* Problem to solve: In the data below, the answer is the run of lines from the line containing "Blue print windbreaker 4y" through the line containing "Mô hình MINI", both included; print it exactly and nothing else.

--- Available data Enclosed Below ---

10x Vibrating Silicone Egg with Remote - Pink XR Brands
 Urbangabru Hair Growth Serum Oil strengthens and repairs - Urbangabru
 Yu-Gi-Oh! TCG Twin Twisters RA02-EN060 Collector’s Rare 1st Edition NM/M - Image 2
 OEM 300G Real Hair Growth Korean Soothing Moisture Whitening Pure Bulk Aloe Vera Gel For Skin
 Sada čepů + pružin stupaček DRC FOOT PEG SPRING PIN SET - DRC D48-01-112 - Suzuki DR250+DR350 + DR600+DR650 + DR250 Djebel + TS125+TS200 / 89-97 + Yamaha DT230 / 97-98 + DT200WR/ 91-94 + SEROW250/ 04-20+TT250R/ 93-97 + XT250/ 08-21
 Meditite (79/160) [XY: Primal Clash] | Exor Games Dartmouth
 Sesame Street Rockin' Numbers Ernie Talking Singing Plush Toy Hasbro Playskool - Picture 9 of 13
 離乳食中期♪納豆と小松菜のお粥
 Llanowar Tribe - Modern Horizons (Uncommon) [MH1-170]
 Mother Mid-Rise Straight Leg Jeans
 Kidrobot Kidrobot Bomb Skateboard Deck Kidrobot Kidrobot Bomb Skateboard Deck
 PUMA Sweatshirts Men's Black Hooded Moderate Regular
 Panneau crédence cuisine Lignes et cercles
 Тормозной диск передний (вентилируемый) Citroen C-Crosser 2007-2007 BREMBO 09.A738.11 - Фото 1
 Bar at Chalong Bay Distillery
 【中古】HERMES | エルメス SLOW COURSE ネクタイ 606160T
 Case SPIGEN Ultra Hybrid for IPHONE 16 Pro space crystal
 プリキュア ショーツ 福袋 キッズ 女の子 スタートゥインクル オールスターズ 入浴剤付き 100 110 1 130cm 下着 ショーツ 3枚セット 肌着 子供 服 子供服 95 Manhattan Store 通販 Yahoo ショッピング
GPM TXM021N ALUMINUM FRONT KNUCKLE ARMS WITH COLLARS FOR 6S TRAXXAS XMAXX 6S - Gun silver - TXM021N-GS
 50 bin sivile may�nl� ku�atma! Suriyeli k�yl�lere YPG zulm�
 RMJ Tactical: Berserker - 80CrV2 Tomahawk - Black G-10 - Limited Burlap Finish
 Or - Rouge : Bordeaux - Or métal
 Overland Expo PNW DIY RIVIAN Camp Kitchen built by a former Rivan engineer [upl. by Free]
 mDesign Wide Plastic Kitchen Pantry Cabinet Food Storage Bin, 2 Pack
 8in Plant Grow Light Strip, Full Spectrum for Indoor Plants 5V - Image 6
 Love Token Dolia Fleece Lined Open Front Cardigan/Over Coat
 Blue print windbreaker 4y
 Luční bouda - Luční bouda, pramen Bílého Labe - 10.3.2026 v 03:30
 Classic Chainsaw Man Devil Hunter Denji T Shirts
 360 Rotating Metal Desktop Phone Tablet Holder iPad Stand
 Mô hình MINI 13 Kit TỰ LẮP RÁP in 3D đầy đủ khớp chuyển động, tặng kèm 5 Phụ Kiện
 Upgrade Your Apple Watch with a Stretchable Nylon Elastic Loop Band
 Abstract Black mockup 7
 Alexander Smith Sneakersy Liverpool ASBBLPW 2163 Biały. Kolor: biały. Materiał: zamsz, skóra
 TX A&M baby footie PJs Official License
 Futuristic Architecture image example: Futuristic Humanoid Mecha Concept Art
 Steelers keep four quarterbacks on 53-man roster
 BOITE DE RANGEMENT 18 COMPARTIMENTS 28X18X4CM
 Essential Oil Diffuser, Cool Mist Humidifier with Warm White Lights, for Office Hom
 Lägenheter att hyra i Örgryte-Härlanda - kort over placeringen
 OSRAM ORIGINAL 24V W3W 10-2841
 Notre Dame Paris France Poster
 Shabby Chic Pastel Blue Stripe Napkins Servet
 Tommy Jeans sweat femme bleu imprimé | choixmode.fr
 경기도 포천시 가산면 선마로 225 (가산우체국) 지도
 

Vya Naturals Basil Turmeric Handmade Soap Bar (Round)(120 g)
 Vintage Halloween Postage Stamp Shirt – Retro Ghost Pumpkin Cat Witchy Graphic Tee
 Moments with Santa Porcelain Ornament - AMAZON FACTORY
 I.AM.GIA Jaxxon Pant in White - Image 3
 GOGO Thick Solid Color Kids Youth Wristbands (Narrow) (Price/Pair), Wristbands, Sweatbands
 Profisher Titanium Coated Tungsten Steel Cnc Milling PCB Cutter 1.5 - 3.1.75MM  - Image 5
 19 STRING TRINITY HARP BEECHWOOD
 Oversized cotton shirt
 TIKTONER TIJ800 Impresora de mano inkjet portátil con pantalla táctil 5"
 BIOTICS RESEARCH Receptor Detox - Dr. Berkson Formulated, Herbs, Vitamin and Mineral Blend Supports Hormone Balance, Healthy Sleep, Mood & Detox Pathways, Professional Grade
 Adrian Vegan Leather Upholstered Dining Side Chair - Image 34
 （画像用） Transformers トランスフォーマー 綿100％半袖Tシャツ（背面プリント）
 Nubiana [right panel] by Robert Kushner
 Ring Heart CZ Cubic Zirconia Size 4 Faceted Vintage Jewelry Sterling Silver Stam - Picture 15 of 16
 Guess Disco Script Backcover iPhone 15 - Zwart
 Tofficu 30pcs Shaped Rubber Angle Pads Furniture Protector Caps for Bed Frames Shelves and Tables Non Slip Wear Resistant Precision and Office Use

--- End of Enclosed Available data ---

* Finished task:
 Blue print windbreaker 4y
 Luční bouda - Luční bouda, pramen Bílého Labe - 10.3.2026 v 03:30
 Classic Chainsaw Man Devil Hunter Denji T Shirts
 360 Rotating Metal Desktop Phone Tablet Holder iPad Stand
 Mô hình MINI 13 Kit TỰ LẮP RÁP in 3D đầy đủ khớp chuyển động, tặng kèm 5 Phụ Kiện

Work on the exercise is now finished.